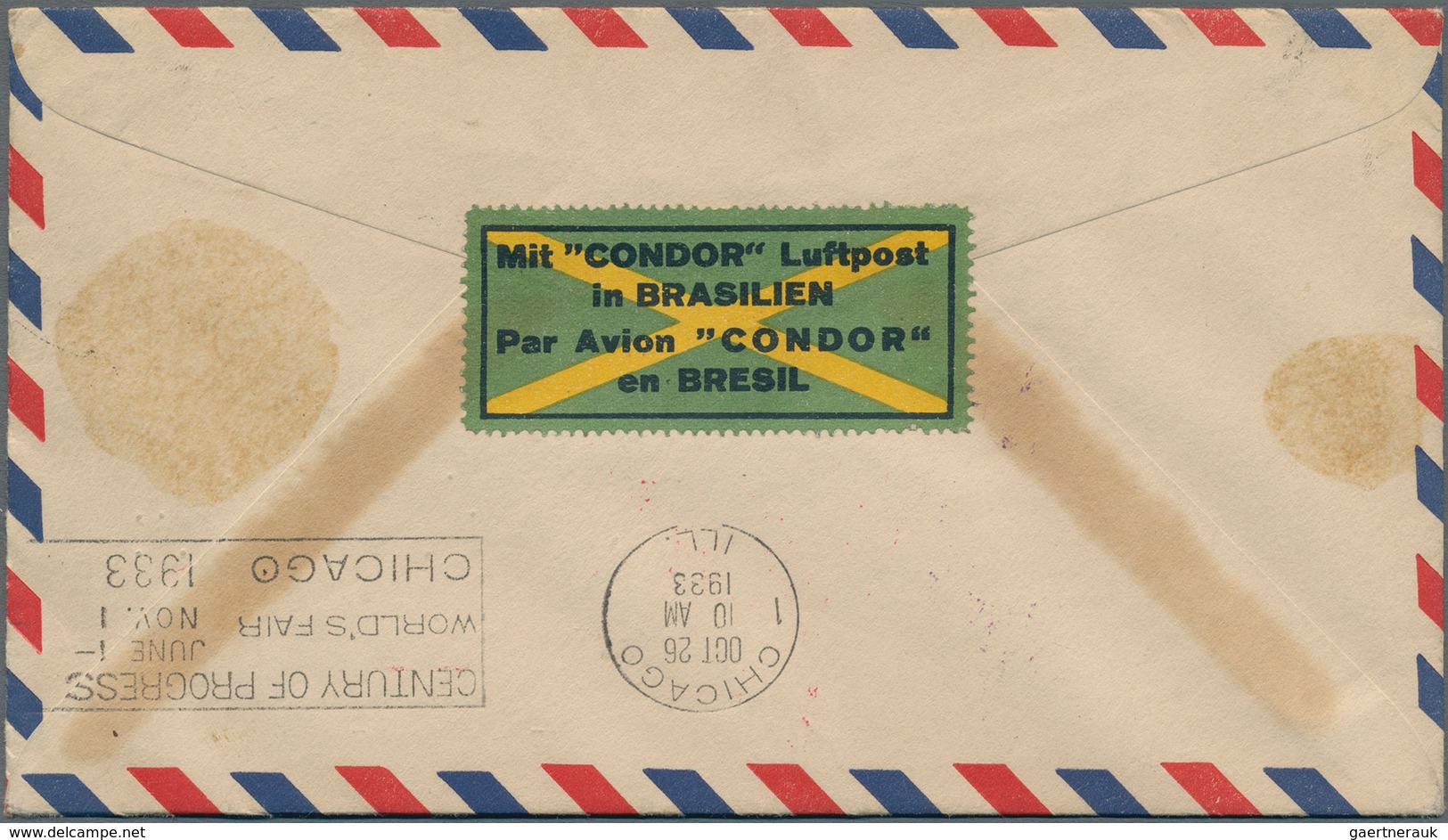 Zeppelinpost Übersee: 1933, Chicago Trip, U.S. Mail, Cover Bearing Attractive Franking (six Differen - Zeppelins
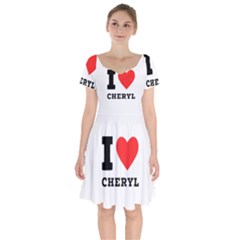 I Love Cheryl Short Sleeve Bardot Dress by ilovewhateva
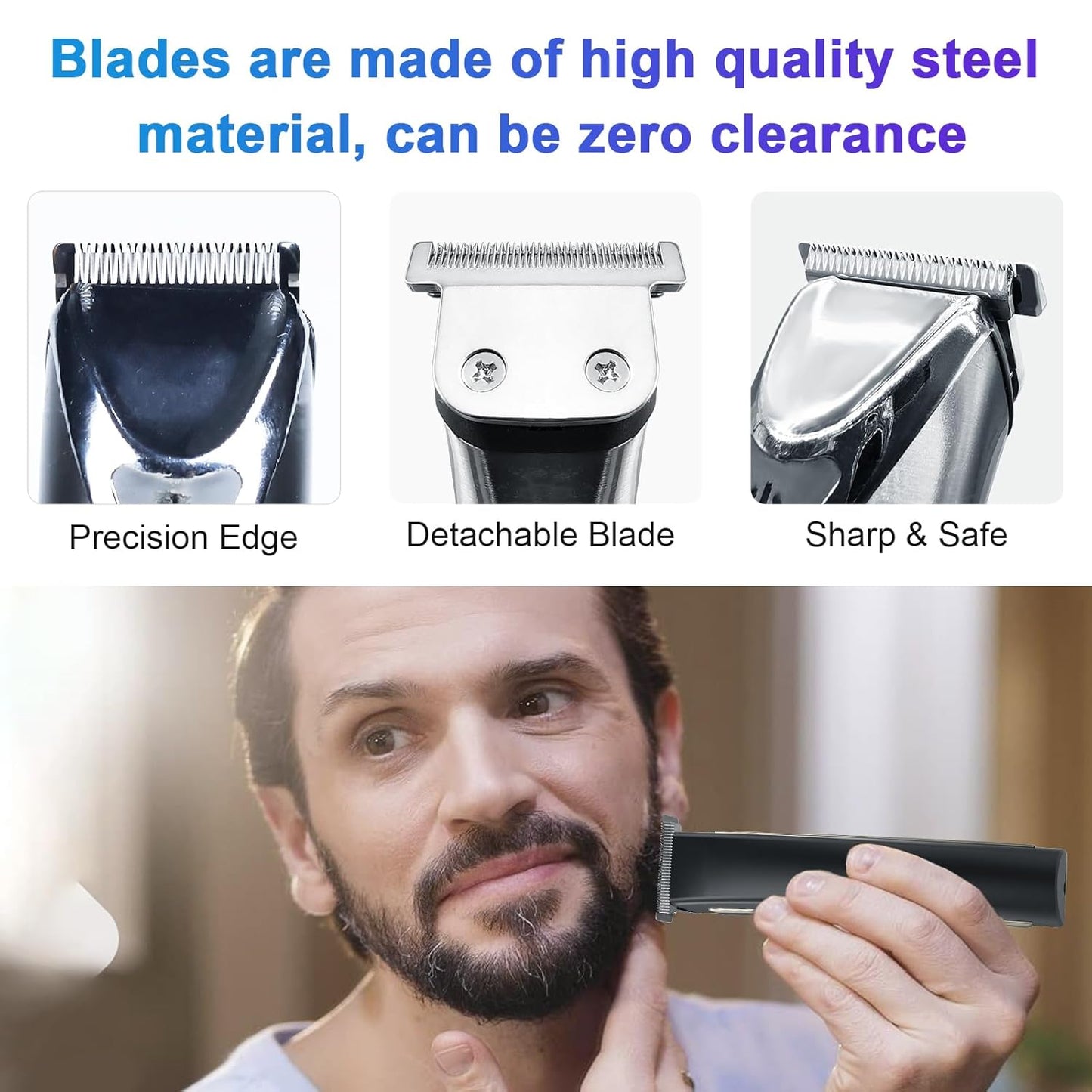 WHAL Stainless Steel Replacement Detachable Blade Set - 30MM & 40MM for All-in-One Trimmer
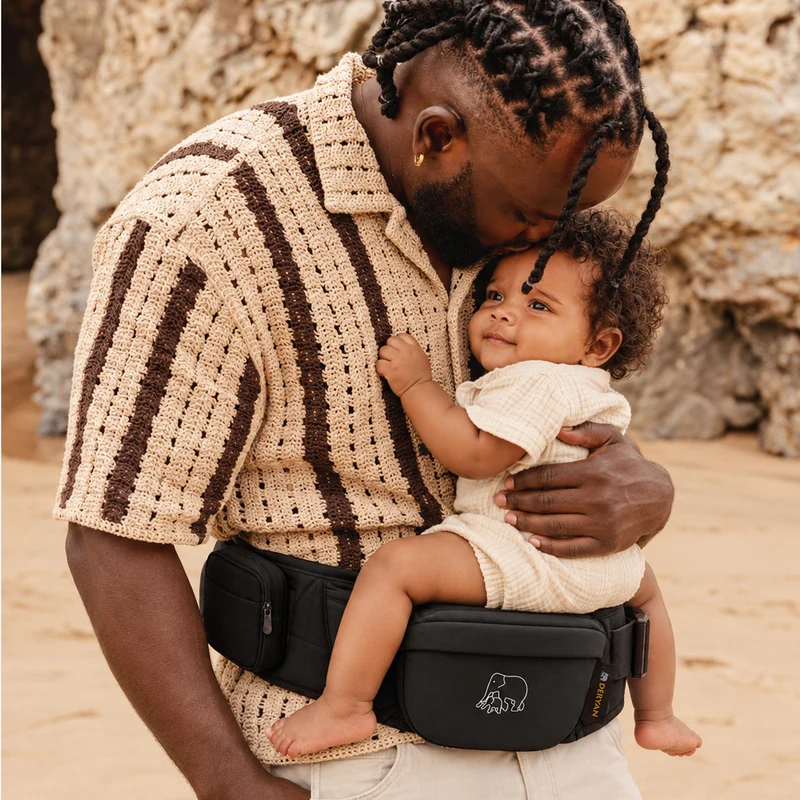 Deryan Pack Basic Luxe Hip Carrier - Baby und Kleinkind Hip Seat - Babytrage Schwarz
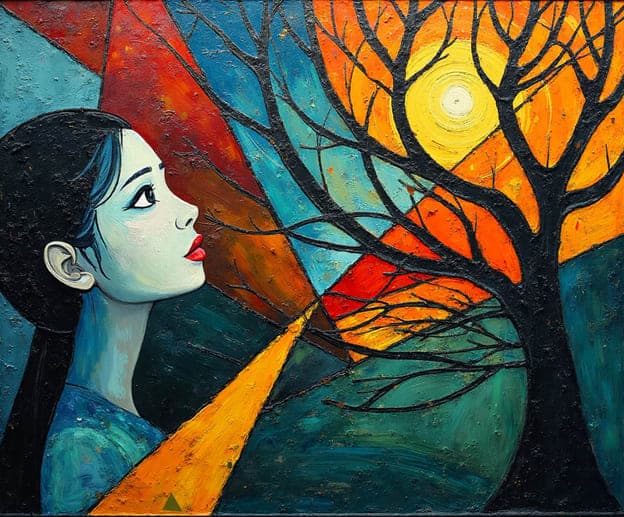 Cubist Woman Bare Tree Silhouette Orange Sun Flame Shape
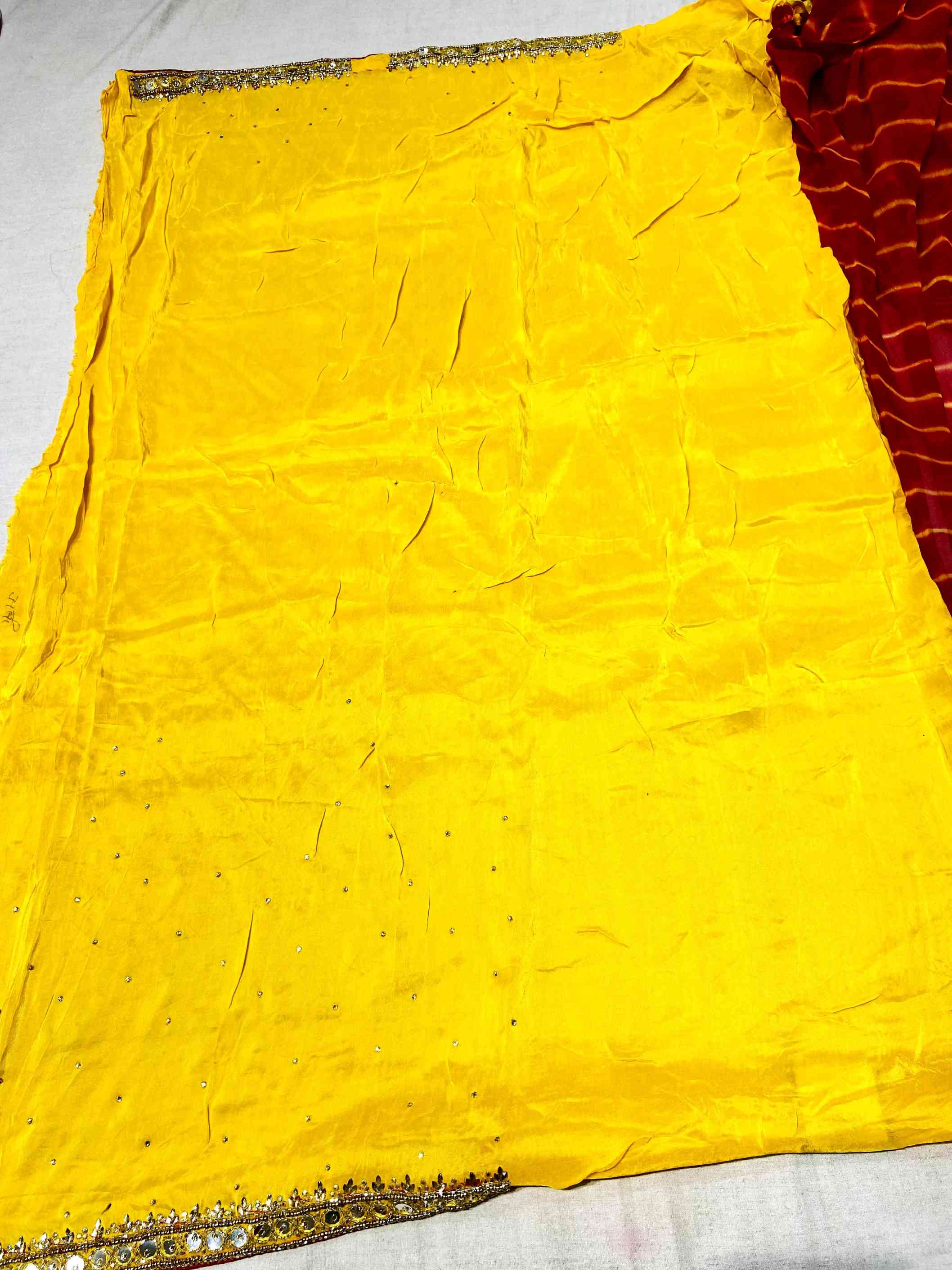 Red & Yellow Chiffon Leheriya Saree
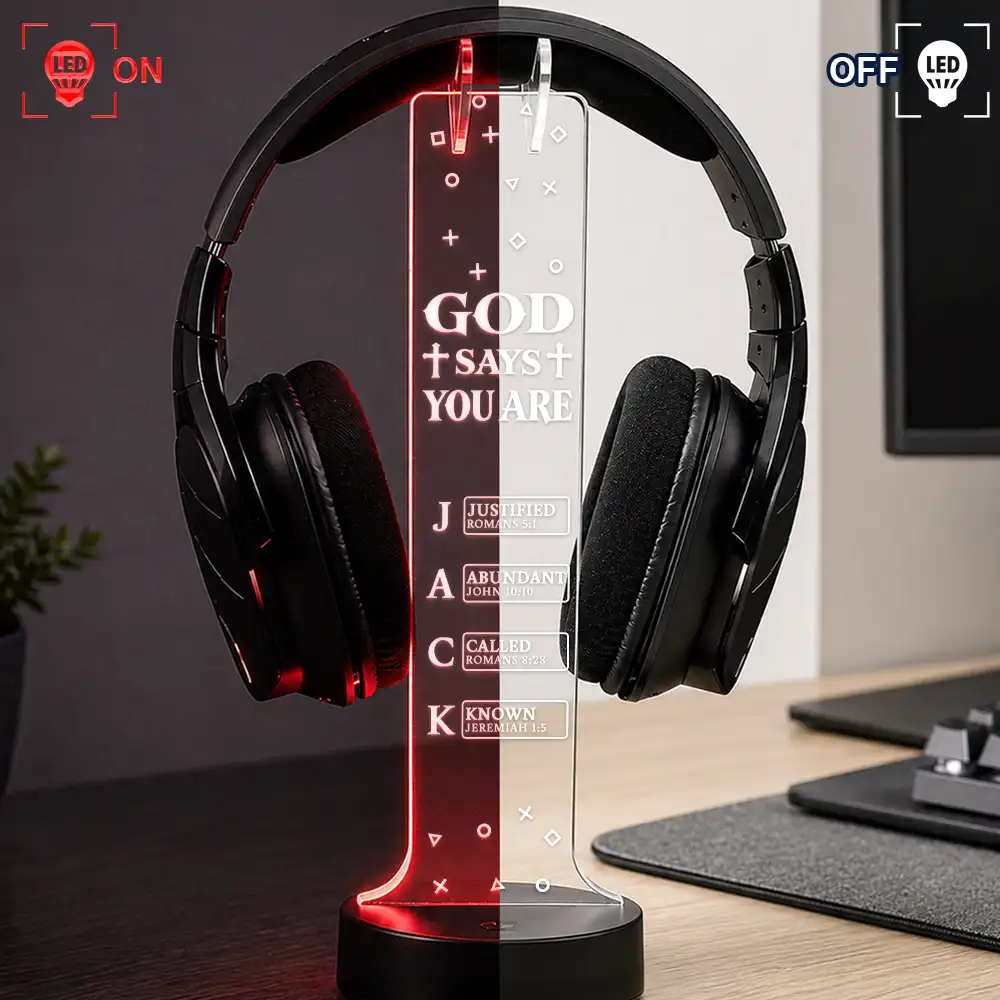 Custom Text,Gaming,Gift For Men,Gift For Yourself,Gifts For Him,Happy,Top Market - Christian Gift For Him Husband Son - Personalized God Says I Am Headphone Stand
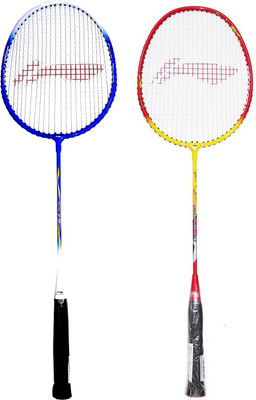 

Li-Ning Beginner's Badminton Racquet Set of 2 (Blue + Red/Yellow) Blue, Maroon Strung Badminton Racquet(G4 - 3.25 Inches, 150 g)
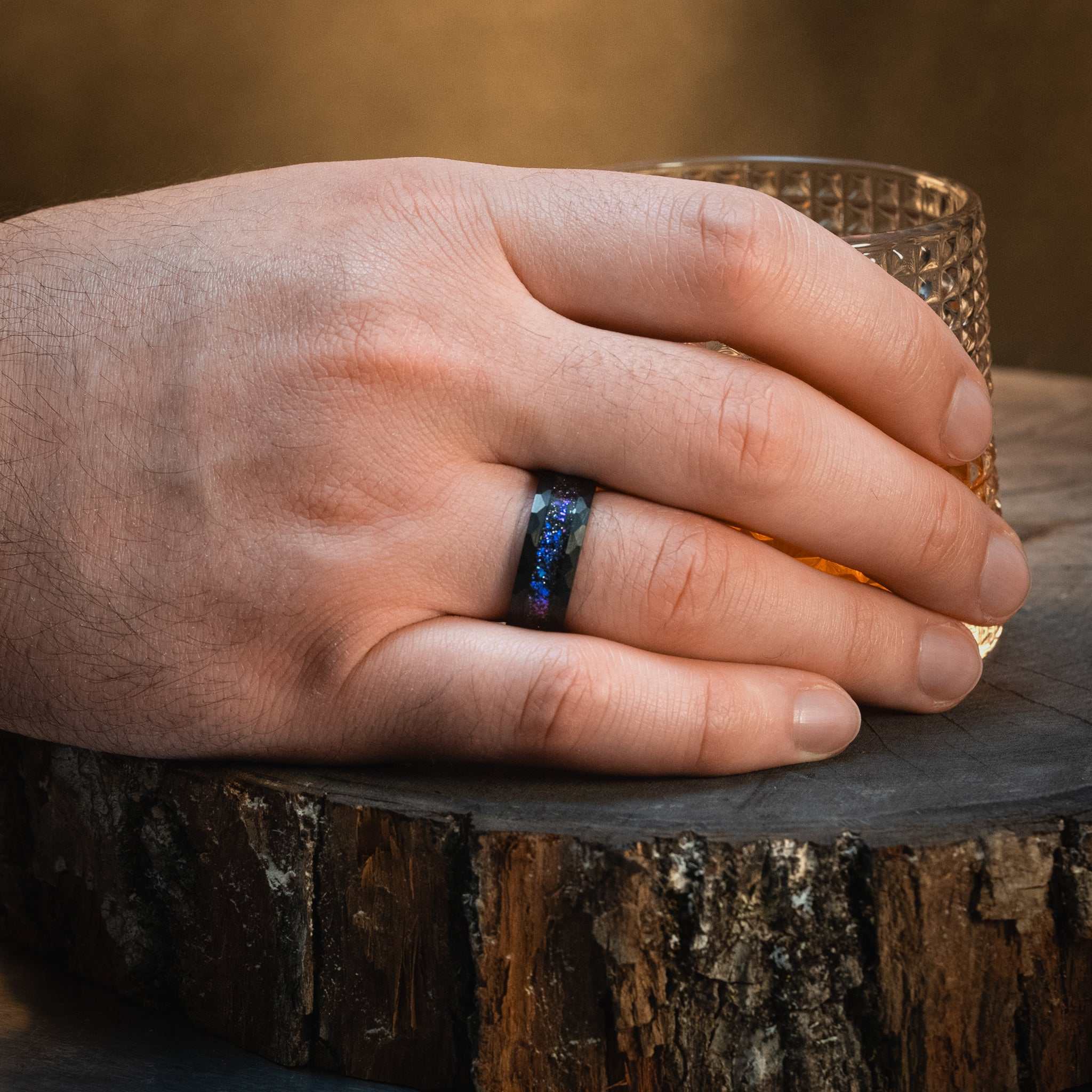 Black Hammered Nebula Meteorite Ring x Galaxy Blue Sandstone Ring - 8mm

What you have to do
Pictures stay out, and every line of the records is transcribed exactly.

Finished exercise
 Zeppelinpost Übersee: 1933, Chicago Trip, U.S. Mail, Cover Bearing Attractive Franking (six Differen - Zeppelins
 I Love Cheryl Short Sleeve Bardot Dress by ilovewhateva
 WHAL Stainless Steel Replacement Detachable Blade Set - 30MM & 40MM for All-in-One Trimmer
 Deryan Pack Basic Luxe Hip Carrier - Baby und Kleinkind Hip Seat - Babytrage Schwarz
 Cubist Woman Bare Tree Silhouette Orange Sun Flame Shape
 Red & Yellow Chiffon Leheriya Saree
 Custom Text,Gaming,Gift For Men,Gift For Yourself,Gifts For Him,Happy,Top Market - Christian Gift For Him Husband Son - Personalized God Says I Am Headphone Stand

Li-Ning Beginner's Badminton Racquet Set of 2 (Blue + Red/Yellow) Blue, Maroon Strung Badminton Racquet(G4 - 3.25 Inches, 150 g)
 Black Hammered Nebula Meteorite Ring x Galaxy Blue Sandstone Ring - 8mm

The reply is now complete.